O argumento de que os países pobres precisam continuar queimando carbono por motivos de desenvolvimento não é melhor. Em seu último relatório de 2022, o Painel Intergovernamental sobre Mudanças Climáticas (IPCC) afirmou que a mudança climática provavelmente provocaria um aumento de “perdas e danos, fortemente concentrados entre as populações vulneráveis mais pobres”.
Da mesma forma, a Organização Mundial da Saúde estima que: “Entre 2030 e 2050, espera-se que as mudanças climáticas causem aproximadamente 250.000 mortes adicionais por ano devido à desnutrição, malária, diarreia e estresse térmico”.
Como responder
Os negacionistas não oferecem alternativas para reduzir as emissões de carbono e, muitas vezes, simplesmente ignoram a mudança climática por completo. O recente relatório do ERPF menciona a mudança climática apenas quatro vezes. É como se as ondas de calor, os incêndios florestais, as inundações, o aumento do nível do mar e a destruição do habitat natural causados pela inação climática estivessem acontecendo em outro planeta.

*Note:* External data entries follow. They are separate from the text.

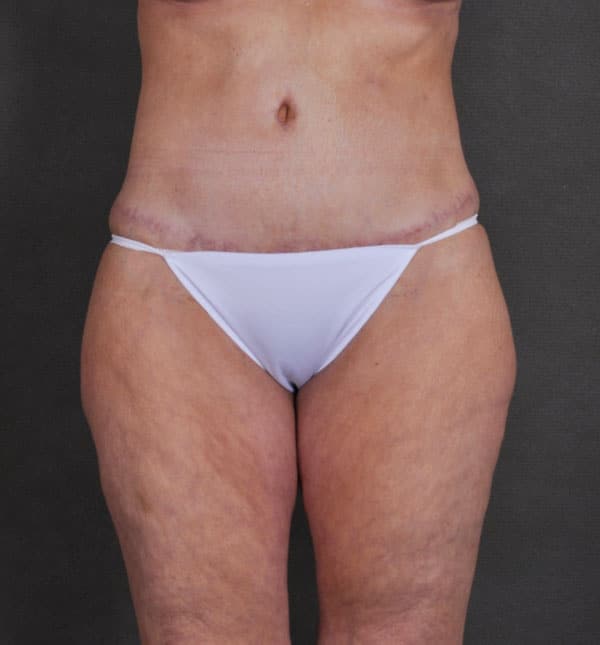 breast lift - patient 9298 - after 4 breast lift - patient 9298 - after 4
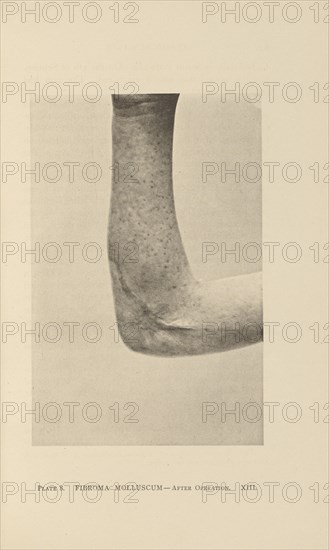 Fibroma Molluscum - After Operation; Charles B. Brigham, American, 1845 - 1903, Cambridge, Massachusetts, United States; 1876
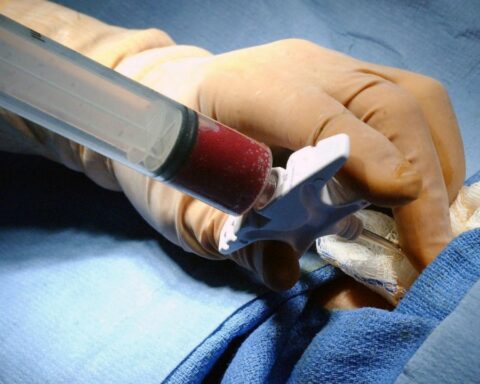 Record of 91 bone marrow donations in Argentina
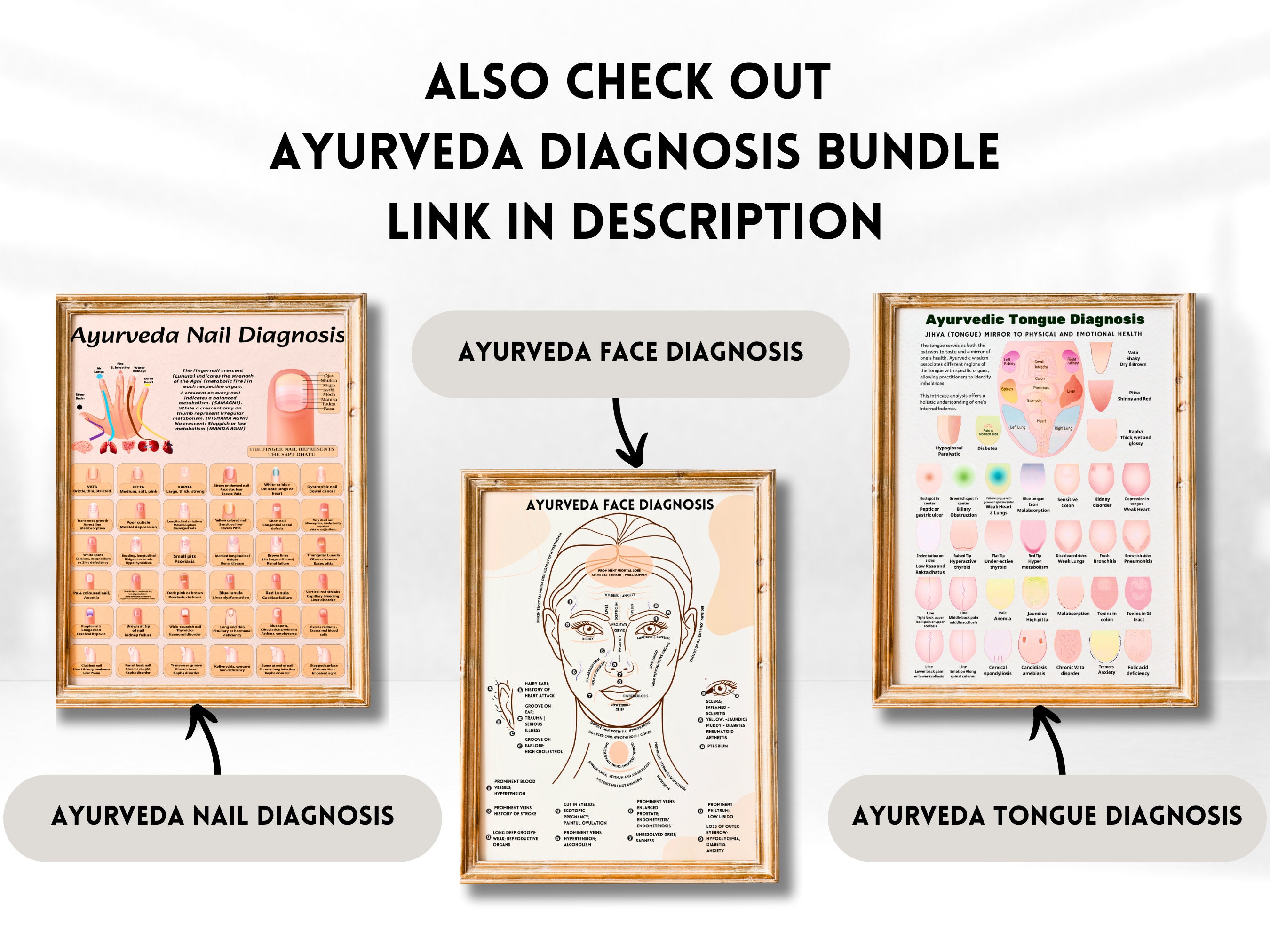 Ayurveda Tongue Diagnosis Poster, Ayurveda Tongue Chart, Ayurveda Art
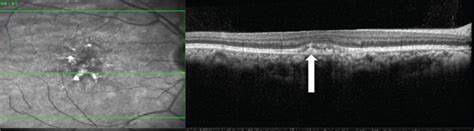 A And B Multicolour Images A Showing Retinal Pigment Epithelial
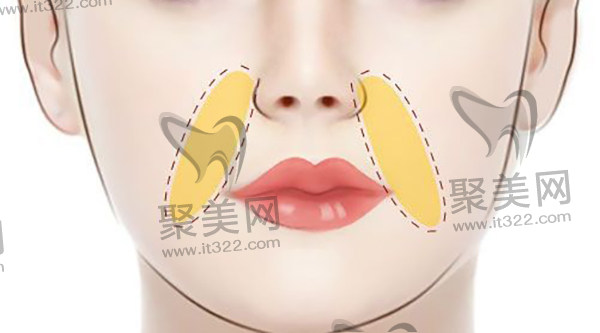 北京泛美医疗美容诊所王军院长隆鼻 北京泛美医疗美容诊所王军院长隆鼻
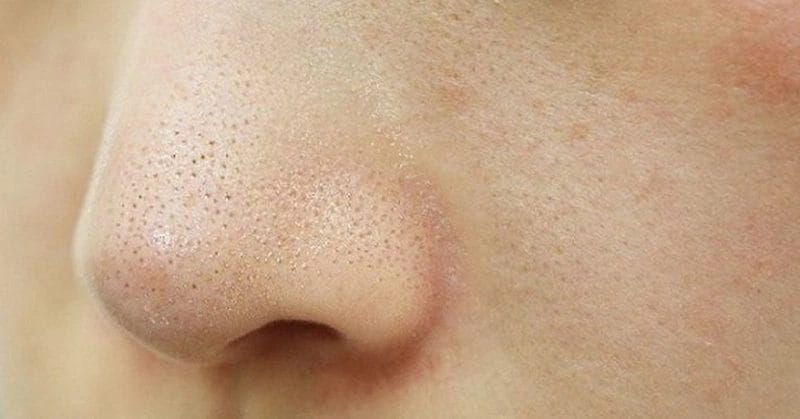 Sợi bã nhờn thường xuất hiện ở mũi, cằm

Ainda temos tempo para limitar o aquecimento global abaixo de 1,5℃. É verdade que precisaremos de petróleo e gás por muitos anos e que atualmente não há alternativas para determinados setores, como viagens aéreas, transporte marítimo e algumas indústrias. No entanto, ainda há muito que pode ser feito agora para fazer uma diferença substancial.
Para incentivar a transição para uma energia mais limpa, os governos precisam acabar com os subsídios aos combustíveis fósseis, que, segundo estimativas do FMI, chegaram a US$ 5,9 trilhões somente em 2020. Também precisamos estabelecer um preço adequado para o carbono – até o momento, apenas 40 países tentaram fazer isso, e nenhum deles chegou perto do custo social estimado da emissão de carbono.

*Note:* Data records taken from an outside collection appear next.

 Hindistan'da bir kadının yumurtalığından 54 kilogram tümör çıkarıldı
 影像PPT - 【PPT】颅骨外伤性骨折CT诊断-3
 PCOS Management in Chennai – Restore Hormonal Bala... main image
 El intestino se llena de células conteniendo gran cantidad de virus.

Os países que resistem a cobrar de seus próprios poluidores devem enfrentar um mecanismo de ajuste de carbono na fronteira, que é uma tarifa que efetivamente coloca o poluidor em pé de igualdade com os participantes locais. Se todos os atores da cadeia de suprimento de combustíveis fósseis tivessem que arcar com o custo dos danos que causam, a necessidade de eliminar gradualmente os investimentos de longo prazo em combustíveis fósseis se tornaria mais óbvia.
Os requisitos da AIE para o “net zero” são apenas um dos caminhos para atingir a meta de Paris de 1,5℃ de aquecimento. Outros caminhos são explorados por alguns dos atores mais confiáveis do setor petrolífero, como a Shell, a BP e a Equinor da Noruega, mas todos exigem um declínio substancial na demanda e na produção de petróleo até 2050.

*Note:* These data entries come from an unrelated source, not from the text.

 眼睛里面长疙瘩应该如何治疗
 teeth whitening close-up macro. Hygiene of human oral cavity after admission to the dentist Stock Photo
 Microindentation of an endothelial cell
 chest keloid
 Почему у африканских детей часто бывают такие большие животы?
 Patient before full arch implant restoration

Cortes de produção necessários
Em vez de criticar os esforços para desacelerar a mudança climática e patrocinar relatórios ridículos que pedem mais combustíveis fósseis, o setor de petróleo deveria eliminar os vazamentos, a ventilação e a queima de metano e eletrificar o maior número possível de processos usando energia renovável. Ele também deve empregar tecnologias de captura, uso e armazenamento de carbono nos próximos dez anos – sim, isso aumentará o preço dos combustíveis fósseis, mas é exatamente disso que precisamos para tornar as fontes limpas de energia competitivas em todos os setores e acelerar a transição energética.
Quanto mais cedo o setor começar a encarar a realidade das mudanças climáticas, mais chances terá de sobreviver. As empresas e até mesmo os países que produzem combustíveis fósseis terão de enfrentar e pagar o custo dos danos que causam. Esses custos já são enormes e aumentarão. Aqueles que sobreviverem o farão apenas como fornecedores de energia limpa e sustentável.